An estimated 60% of all children have witnessed violence, crime, or abuse. Each of these events and experiences holds the potential to impact a child negatively, but schools are rarely aware when these incidents occur. Handle With Care creates this system through notifications, ensuring schools can offer the support children need to thrive and succeed.

Approach

  • The program begins when a police officer responds to a potentially traumatic incident where a minor was present. This includes, but is not limited to, instances involving arrests, search warrants, violence, abuse, or homicide.
  • Afterward, the officer sends the child’s name, age, and school to a designated contact at the school, excluding any details of the incident to protect the student’s privacy.
  • School employees who interact with the student, including teachers and guidance counselors, receive the “Handle with Care” notification.
  • The program may end here for some students, but other students may require additional support. For these instances, Handle With Care offers students the opportunity to speak with mental health professionals in the school’s network, pending their parent’s consent.

Outcomes

  • Handle with Care trains teachers to recognize when children are struggling and prepares school staff to support students through stressful times, enabling children to succeed academically and socially.
  • For instance, children who fall asleep in class may go to the nurse, and those who struggle on assignments may stay after class for one-on-one tutoring.
  • These trauma-sensitive approaches encourage stable and supportive relationships, ensuring schools remain an environment where kids feel safe.
  • Handle With Care additionally allows teachers and police officers to expand their impact, providing the tools to care for their community emotionally and physically.

 

Precedent

  • Handle With Care has been implemented by cities, counties, and states. Nevada, Delaware, West Virginia, and Kentucky stand as a few that have passed statewide legislation.
  • The program has been successfully piloted in various communities across Texas, including San Antonio, Galena Park, Montgomery County, and Fort Worth.

Frequent Questions

How is Handle with Care implemented?

The Handle With Care program can start within a few weeks. There are no costs needed to complete the implementation process.
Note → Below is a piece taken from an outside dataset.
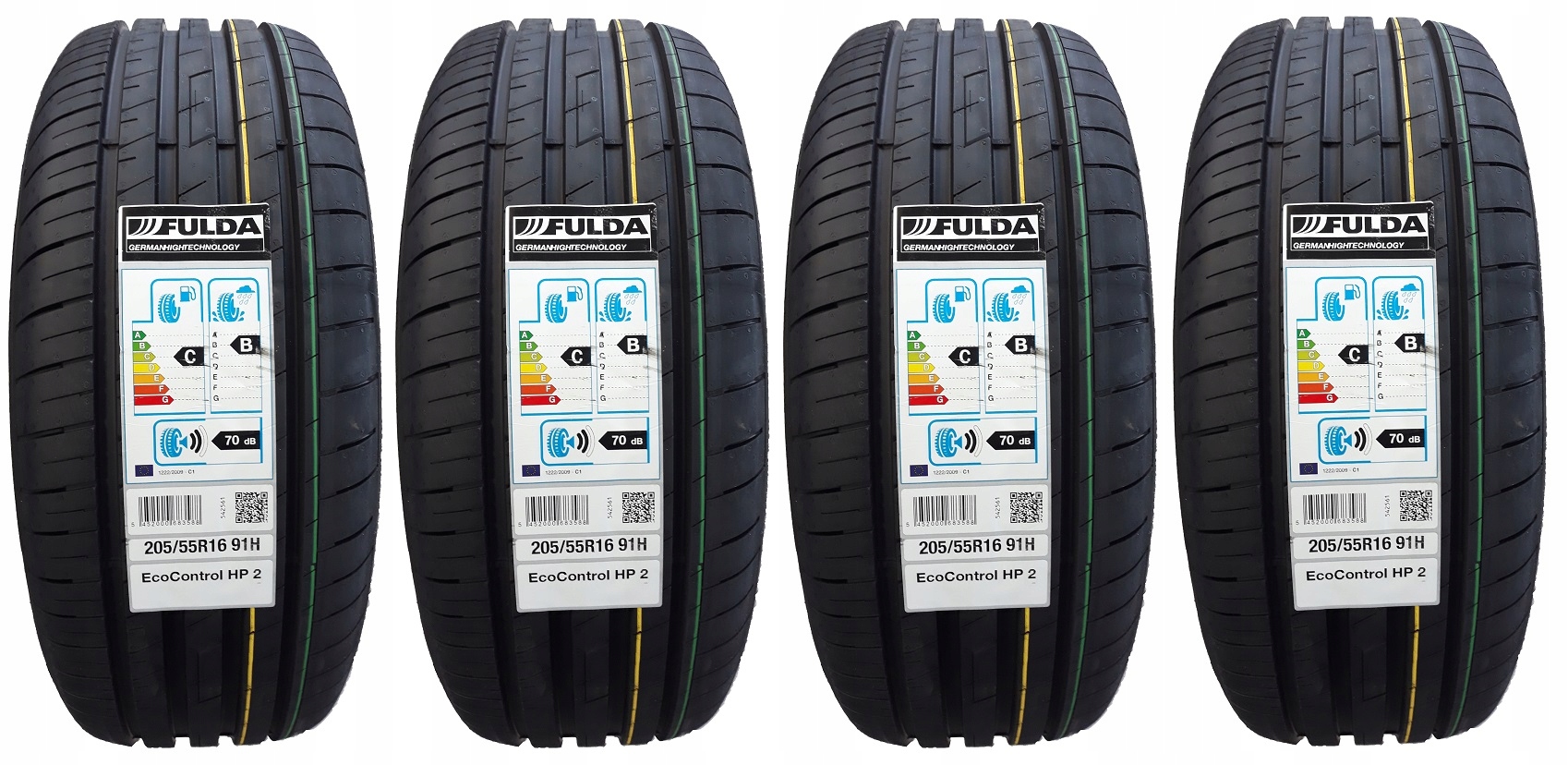 4X летние шины 205 / 55R16 91H FULDA ECOCONTROL HP2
What does HWC look like in practice for law enforcement officers and teachers?

Both police officers and teachers have asked for ways to further connect with students.
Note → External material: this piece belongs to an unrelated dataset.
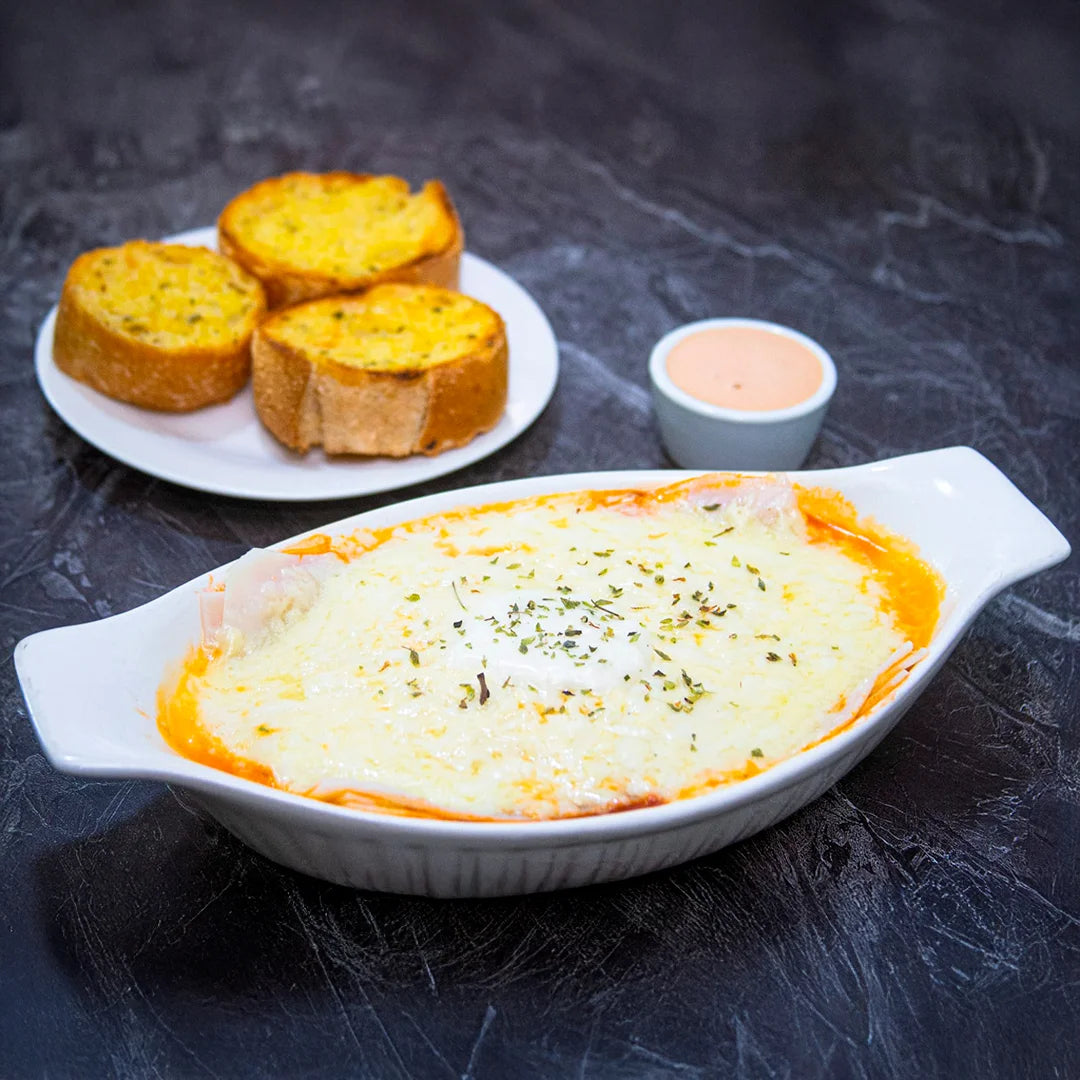 Lasagna de carne y queso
Handle With Care provides this additional touchpoint while minimizing the burden placed on law enforcement and teachers, as they already bear a heavy load.
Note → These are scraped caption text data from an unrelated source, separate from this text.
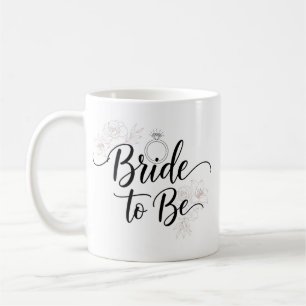 Elegant Floral Bride to Be Coffee Mug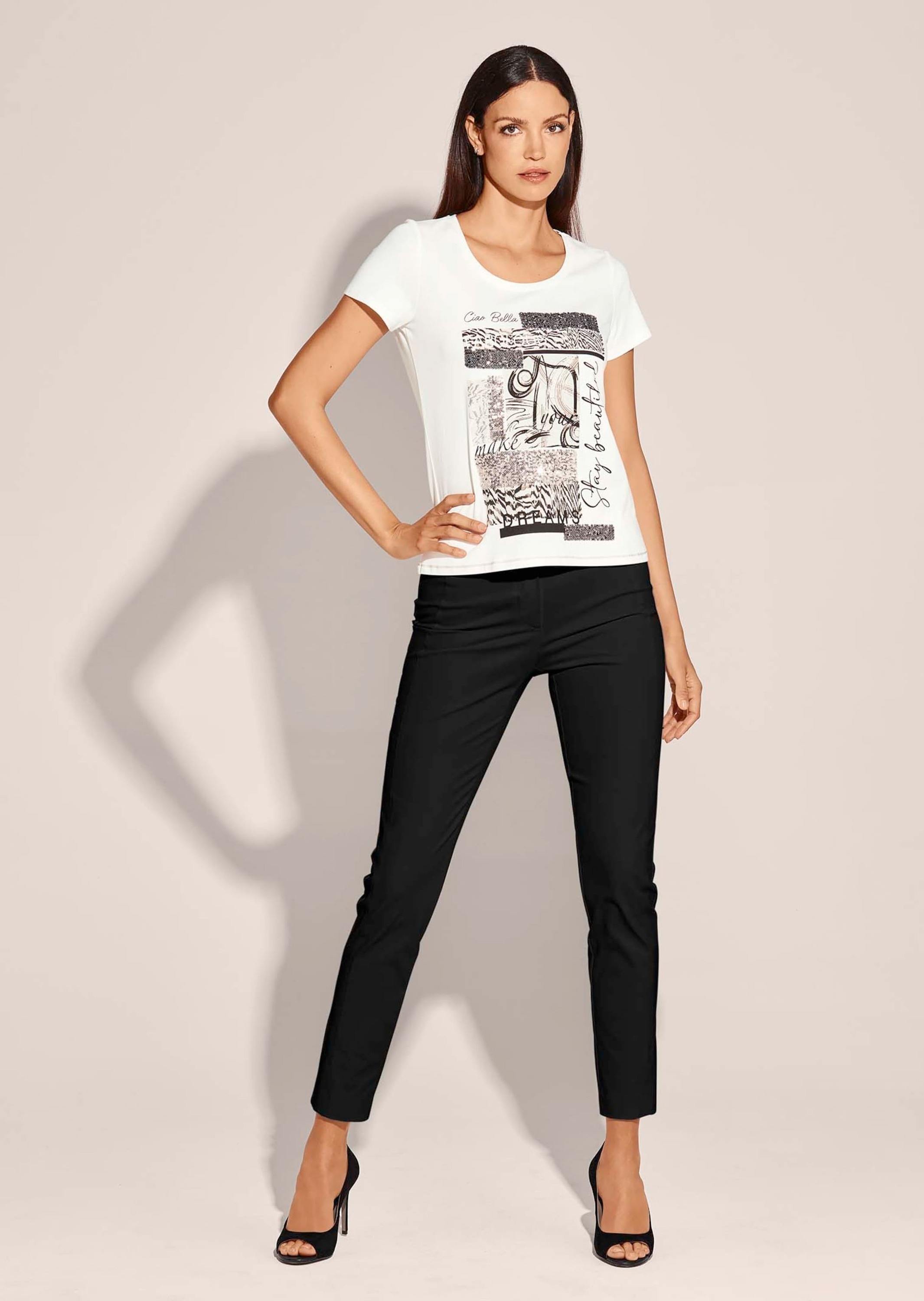 MADELEINE Stoffhose "Hose Schlanke Stretch-Hose mit Vichy-Karo" günstig online kaufen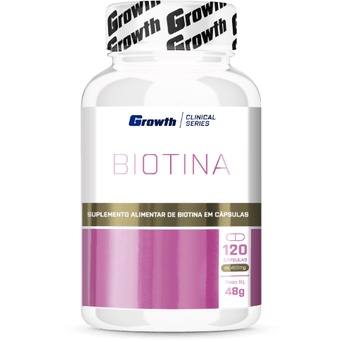 Biotina Growth (Cabelos, Unhas e Pele) 120 Cápsulas | Shopee Brasil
Police officers accordingly send a brief Handle With Care notification that may be completed in two minutes. Teachers then monitor for potential signs of trauma.

How are officers and teachers prepared to handle children experiencing trauma?

Both officers and school personnel are trained on the signs of trauma and how they may manifest. From there, they gain the tools to help children cope with immensely stressful situations and promote resiliency.

How do Handle With Care Notices improve children's education and well-being?

Trauma can disrupt a child’s ability to learn. Many children who experience trauma struggle to focus, develop anxiety, and experience poor sleep, which can negatively impact their school performance.

However, by providing advance notice, teachers are able to anticipate potential signs they may witness and be prepared to help students navigate difficulties. For instance, teachers may provide tutoring after class following absences or inattention. They may also send students who fall asleep in class to the nurse.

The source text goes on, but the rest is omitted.